ADSM-L

Re: [ADSM-L] looking for experiences with the ibm 3584 library

2014-05-05 10:47:23
Subject: Re: [ADSM-L] looking for experiences with the ibm 3584 library
From: Zoltan Forray <zforray AT VCU DOT EDU>
To: ADSM-L AT VM.MARIST DOT EDU
Date: Mon, 5 May 2014 10:45:01 -0400
WOW - Deja Vu - We had these same problems on our 3494:


*1) The case of the frayed ribbon cable.*
*2) The case of the mysterious gripper failures.*

So, eventhough the 3584 is blazing fast, the basic
concept/structure/problems haven't changed radically!

We have just hit the 1-year mark with our 3584.  All TSM servers that
access it are RH Linux  so lin_tape is the driver.

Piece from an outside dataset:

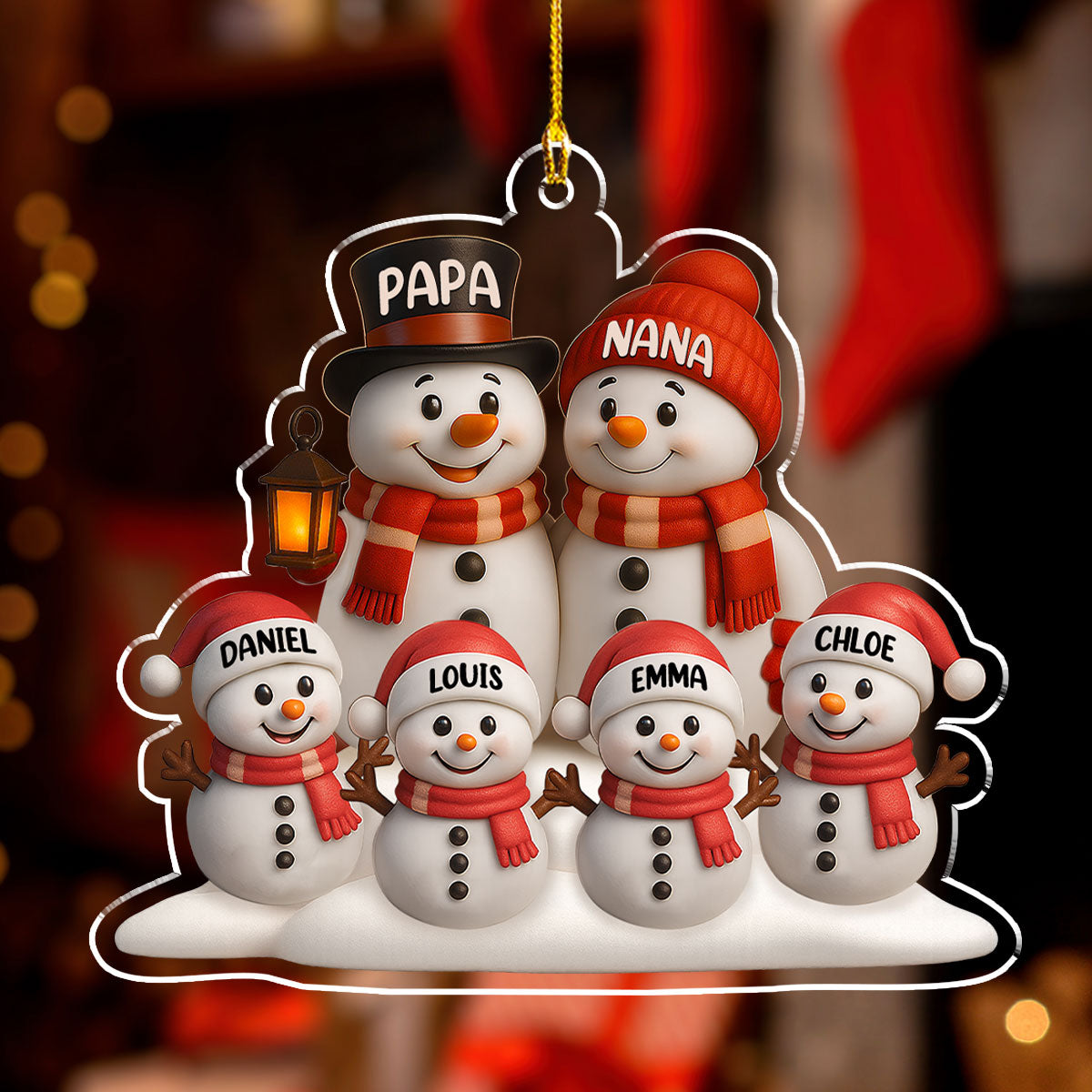 Love From Grandparents - Personalized Custom Acrylic Ornament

We have had a couple of service calls throughout the year, but nothing like
with the 3494.  Some were drive problems.  Once was a known firmware
problem.

Our 3584 is 7-frames (1-L23 + 6-D23) with 17 TS1130 E06 drives. We did not
feel comfortable with the High-Density approach (i.e. stack tapes up to
4-deep horizontally and then play "3-card monte" when you need to get to
the 4th deep tape).  Currently 63% full with over a 1000 JA tapes in the
mix. If we needed to reduce the number of tapes in the library,  we would
replace those with JB tapes and get a 30%+ boost in tape capacity.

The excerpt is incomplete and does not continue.